Discoteca con annessa attività di somminstrazione

Buongiorno, nel nostro comune è presente una attività di discoteca con annessa somministrazione.
L’attività prevalente di discoteca deve effettuare una ristrutturazione dei locali adibiti al ballo.
Ci chiediamo se l’attività secondaria di somministrazione che si svolge in un altro spazio non oggetto di ristrutturazione, possa rimanere aperta anche se l’attività prevalente è chiusa.
Grazie

Discoteca con Annessa Attività di Somministrazione: Normativa e Requisiti

CONTENUTO

In Italia, la gestione di una discoteca con annessa attività di somministrazione è disciplinata da una serie di normative che regolano sia l’aspetto della somministrazione di alimenti e bevande sia quello degli spettacoli pubblici. La base normativa principale è il Testo Unico delle Leggi di Pubblica Sicurezza (TULPS), in particolare l’articolo 69, che stabilisce le modalità di somministrazione di alimenti e bevande nei pubblici esercizi.
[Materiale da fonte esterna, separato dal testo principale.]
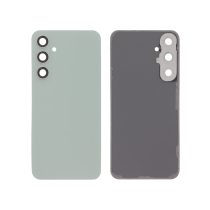 Mintgrünes Backcover Galaxy S23 FE (S711B)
In aggiunta, il D.Lgs. 142/1998 regola gli spettacoli pubblici, richiedendo specifiche autorizzazioni per l’organizzazione di eventi musicali e di intrattenimento. Per avviare un’attività di questo tipo, è necessario presentare una Segnalazione Certificata di Inizio Attività (SCIA) al Servizio Unico per le Attività Produttive (SUAP) del comune competente.

Altri requisiti fondamentali includono:

  • Agibilità: secondo il D.M. 19/08/1996, è necessario ottenere un certificato di agibilità che attesti la sicurezza e la conformità del locale.
  • Normative antincendio: il D.M. 22/01/2008 stabilisce le misure di sicurezza da adottare per prevenire incendi e garantire la sicurezza dei clienti.
  • Normativa HACCP: per garantire la sicurezza alimentare, è obbligatorio seguire le linee guida del sistema di autocontrollo HACCP (Hazard Analysis and Critical Control Points).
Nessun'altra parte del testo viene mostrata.